Estamos en plena época de festividades, y en nuestro país tan dado a copiar costumbres, y a dejarse llevar por eventos diseñados para apartar la atención de los pobres de su precaria e injusta situación económica, ésta es una fabulosa oportunidad para que aprovechando las fechas se laven los pecados cometidos, con regalos y fiestas. Los gobernantes no pierden ni la mínima oportunidad para aparecer en reuniones, posadas o francas pachangas en las cuales se muestran como los defensores más preocupados de los pobres de México y, de paso, no dudan en hacer un recuento de las obras y servicios que prestaron a los asistentes.
En Quintana Roo, tanto el Gobernador como los presidentes municipales y los virtuales candidatos a Gobernador por el tricolor no han perdido ninguna oportunidad para celebrar las conocidas posadas, y candidatearse o reconciliarse con sus gobernados, según sea el caso. Desde el pasado miércoles 16 un día sí y otro también, en los medios informativos han desfilado desde diputados y presidentes municipales hasta el gobernador regalando piñatas, despensas, juguetes y ofreciendo fiestas, con discursos grandilocuentes haciendo un llamado a la unidad entre el pueblo y autoridades. Estos actos no son en sí algo incorrecto, pues no tiene nada de malo celebrar, lo reprobable e indignante es el contexto en que se llevan a cabo. Los sectores de la sociedad en que se han llevado a cabo estos actos, son los más desprotegidos de nuestro país, principalmente campesinos quienes han estado en el total abandono, por lo menos en este periodo gubernamental, y precisamente en estos tiempos de crisis en México en vez de apoyar verdaderamente a los hombres y mujeres del campo se les engaña y se les calma con estos indignantes eventos, para muestra un botón.
En el municipio de Felipe Carrillo Puerto, donde habitantes de comunidades Mayas se atrevieron a manifestarse y bloquear la carretera Chetumal-Cancún, el pasado 16 de noviembre, como medida desesperada ante la negativa del gobierno del estado a pagar el seguro para el cultivo de maíz, estipulado como apoyo al campo en período de sequía, las autoridades no dudaron en reprimir y encarcelar a mas de 200 campesinos mayas, amparándose en la insultante frase que reza: “nadie puede estar por encima de la ley”, en vez de resolver su justa demanda, toda vez que es el gobierno quien establece este fallido programa de apoyo al campo.
El gobernador Félix González Canto, en una reunión con dignatarios mayas, los llamó a la unidad diciendo, yo siempre he estado con ustedes ¡Son mis hermanos! ¿No es acaso insultante que a un mes de haberlos reprimido y encarcelado se les brinde una fiesta y se les diga “El gobernador del estado no sólo es su aliado, sino su hermano”?
En el municipio de Othón P. Blanco, los antorchistas han estado luchando desde el mes de septiembre por obras y servicios, despensas, proyectos productivos y el pago del seguro de los agricultores de maíz, es decir, por el mismo problema que los campesinos de Felipe Carrillo Puerto, que fueron reprimidos. Para esto, obtuvieron una minuta firmada por una comisión de diputados designados por el gobernador, con el claro compromiso a resolver dichas demandas. Pero contrario a lo que se esperaba de la máxima autoridad de nuestro estado, no sólo no se cumplió con la minuta, sino que se desató una feroz campaña de desprestigio contra los antorchistas y sus líderes, acusándolos falsamente de haber engañado y convencido a los campesinos mayas de Felipe Carrillo Puerto para que bloquearan la carretera, situación desmentida oportunamente por el movimiento antorchista.

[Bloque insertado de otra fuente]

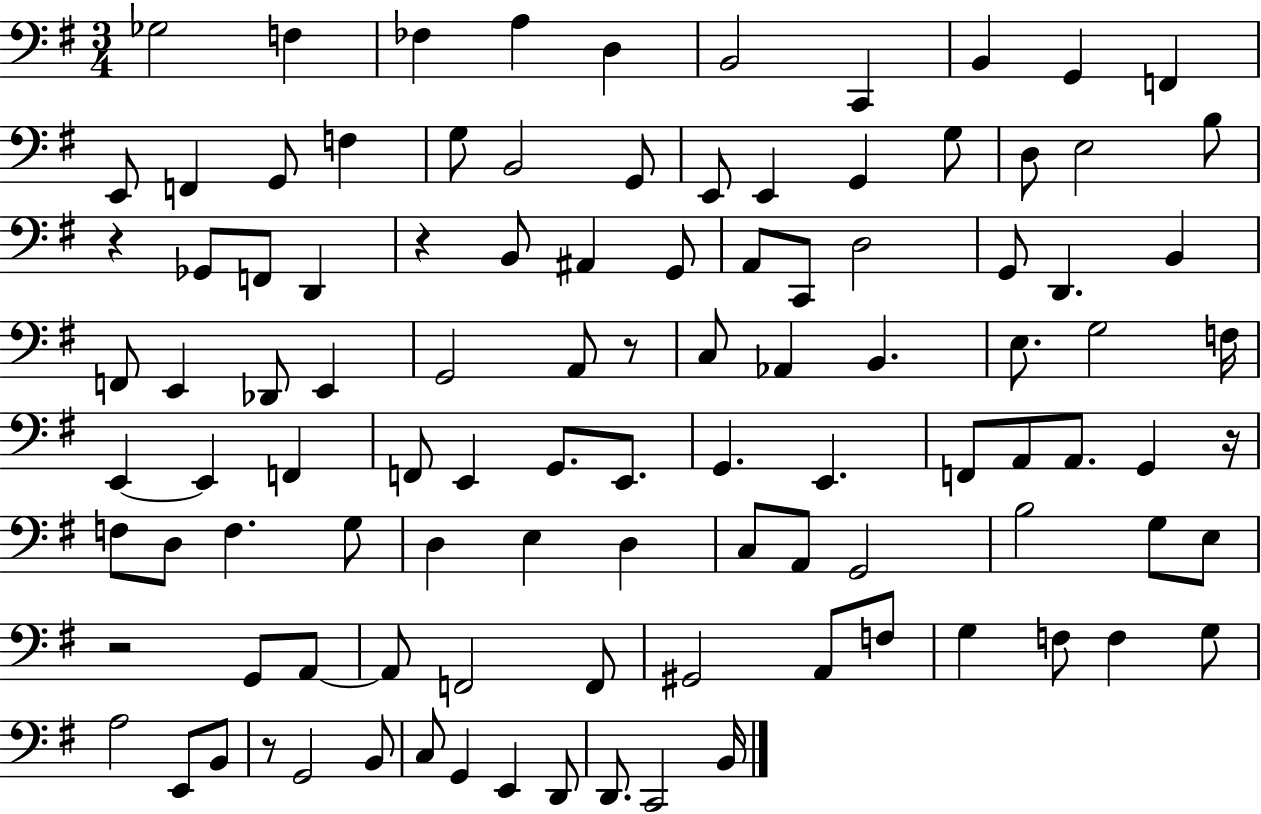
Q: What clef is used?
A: bass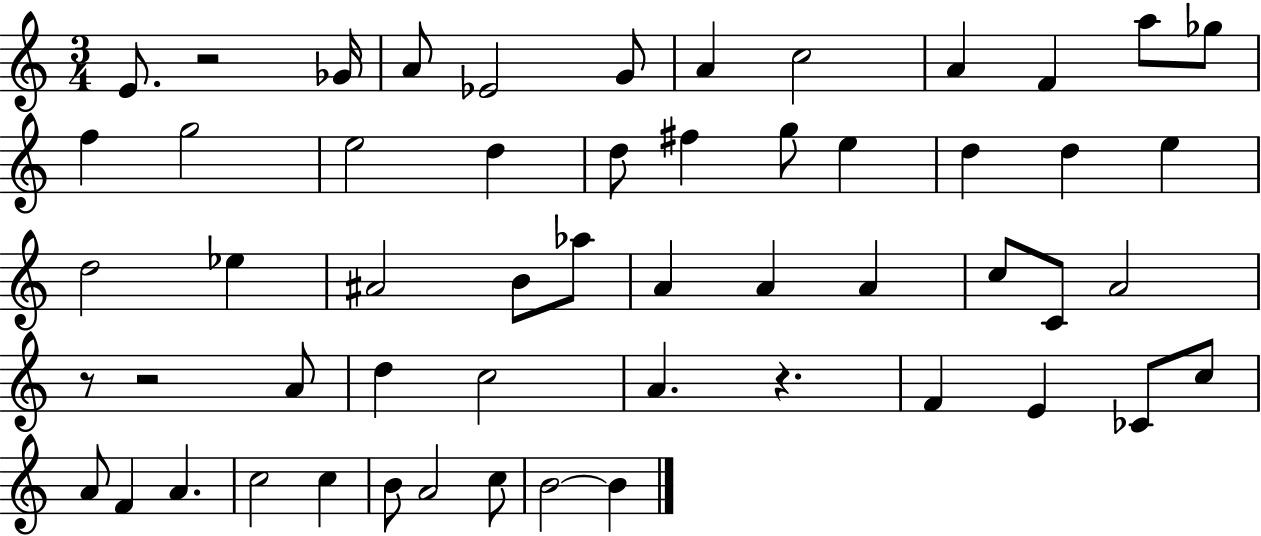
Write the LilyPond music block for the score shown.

{
  \clef treble
  \numericTimeSignature
  \time 3/4
  \key c \major
  \repeat volta 2 { e'8. r2 ges'16 | a'8 ees'2 g'8 | a'4 c''2 | a'4 f'4 a''8 ges''8 | \break f''4 g''2 | e''2 d''4 | d''8 fis''4 g''8 e''4 | d''4 d''4 e''4 | \break d''2 ees''4 | ais'2 b'8 aes''8 | a'4 a'4 a'4 | c''8 c'8 a'2 | \break r8 r2 a'8 | d''4 c''2 | a'4. r4. | f'4 e'4 ces'8 c''8 | \break a'8 f'4 a'4. | c''2 c''4 | b'8 a'2 c''8 | b'2~~ b'4 | \break } \bar "|."
}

Como respuesta a la cerrazón de las autoridades, los antorchistas mantienen un plantón permanente desde el 26 de noviembre, hasta que las autoridades cumplan con sus compromisos.
En conclusión, queda claro el doble discurso de la clase gobernante en Quintana Roo, por un lado se tiene en el total abandono a los campesinos, y cuando se atreven a exigir que el gobierno cumpla con su obligación de apoyar al campo, se les reprime; por otro lado, se aprovechan las festividades y la bondad de los campesinos, que todavía confían en sus autoridades, mintiendo burdamente y tratando de comprar su conciencia con migajas. Apenas paso la navidad, falta el fin de año y el día de reyes, es decir, la caravana de bienhechores apenas empezó.
Pero la clase gobernante debería saber que no todo es eterno, que no podrá engañar al campesino toda la vida, los tiempos están cambiando y pudiera estar cerca el día en que el pueblo les pase la factura a quienes lo han engañado y marginado por tanto tiempo, no faltará quien se lo diga. Por de pronto, ahí estarán los antorchistas en plantón el tiempo que sea necesario, para desmentir a sus detractores.